Confusion between circuit induction speed prior and simplicity prior: I think your point about double descent is wrong — in particular, the speed is largely unchanged in double descent experiments, since the *width* is the parameter being varied, and all deep neural networks of the same depth have approximately the same speed (unless you mean something weird by speed).
Circuit Simplicity: You give circuit-size and circuit-depth as examples of a “speed prior”, which seems pretty nonstandard, especially when describing it as “not the simplicity prior”.
More than Speed and Simplicity: I think there are other metrics that provide interesting priors over circuits, like likelihood under some initialization distribution. In particular, I think “likelihood under the initialization distribution” is the prior that matters most, until we develop techniques that let us “hack the prior”.
Connection to Infinite-Size Neural Networks: I think research about neural networks approaching/at the infinite limit looks a lot like physics about black holes — and similarly can tell us interesting things about dynamics we should expect. In particular, for systems optimized by gradient descent, we end up with infinitesimal/nonexistent feature learning in the limit — which is interesting because all of the sub-modules/sub-circuits we start with are all we’ll ever have! This means that even if there are “simple” or “fast” circuits, if they’re not likely under the initialization distribution, then we expect they’ll have a vanishingly small effect on the output. (One way of thinking about this is in terms of the NTK, that even if we have extremely powerfully predictive modules, their predictive power will be overwhelmed by the much more common and simple features)

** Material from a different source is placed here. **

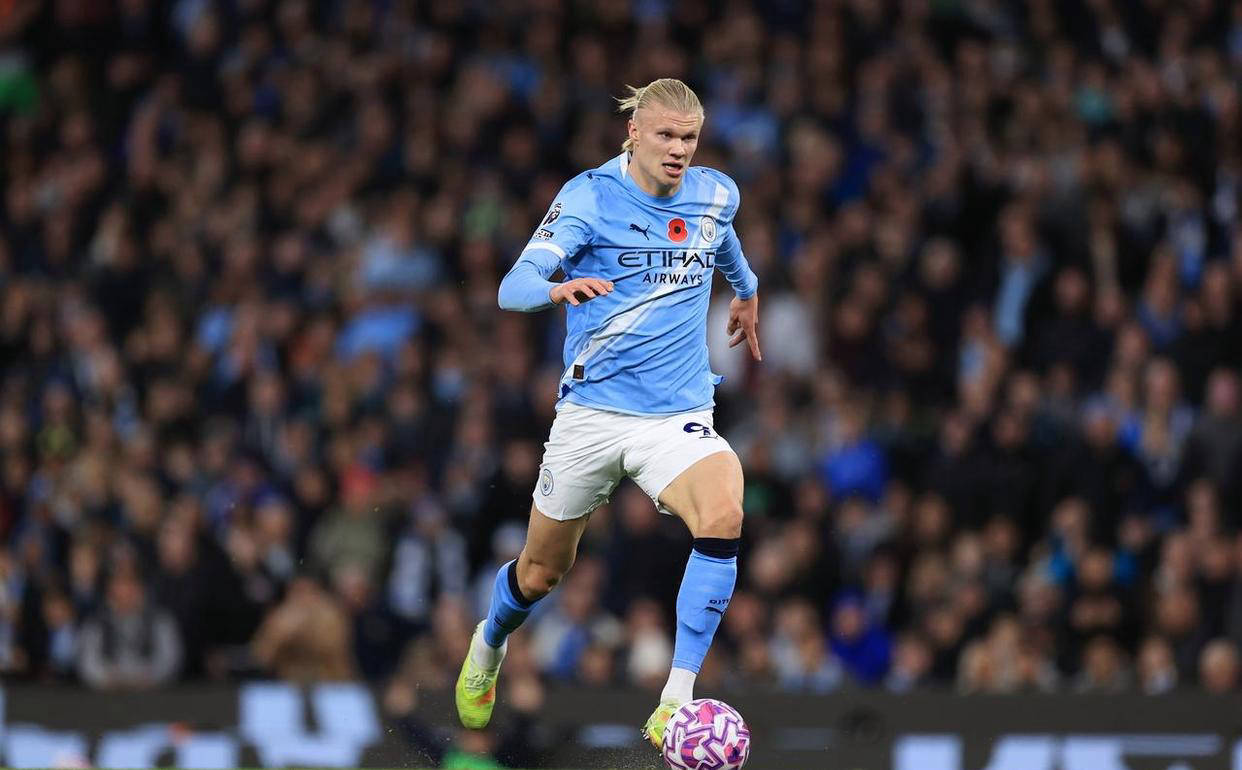 棒球不止是 棒球不止是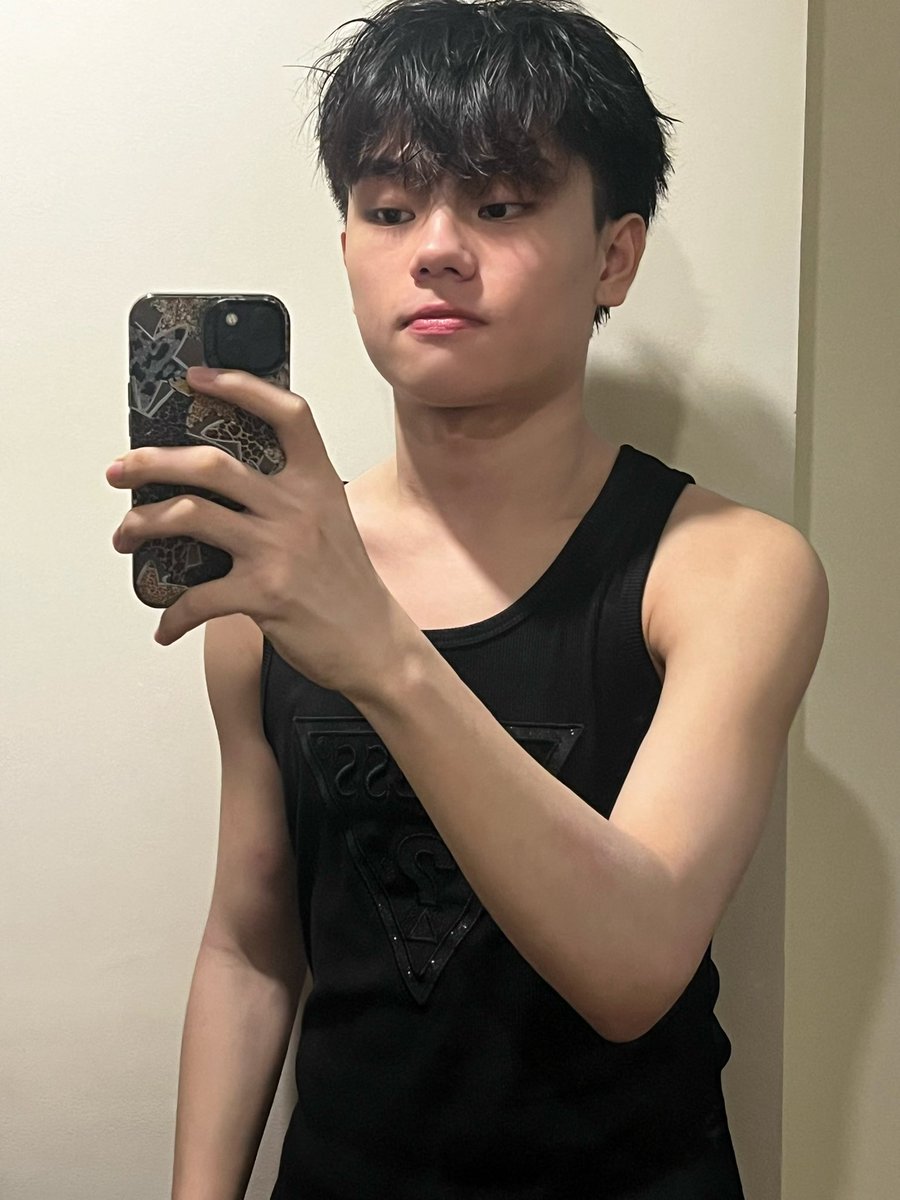 AJAA Alex ?🐆 tweet media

Hacking the Prior: Right now we don’t have a good understanding of the behavior of partially-hand coded neural networks, but I think they could serve as a new/distinct class of models (with regards to what functions are likely under the initialization distribution). Concretely, this could look like us “hand-programming” circuits or parts of neural networks, then randomly initializing the rest, and see if during training the model learns to use those programmed functions.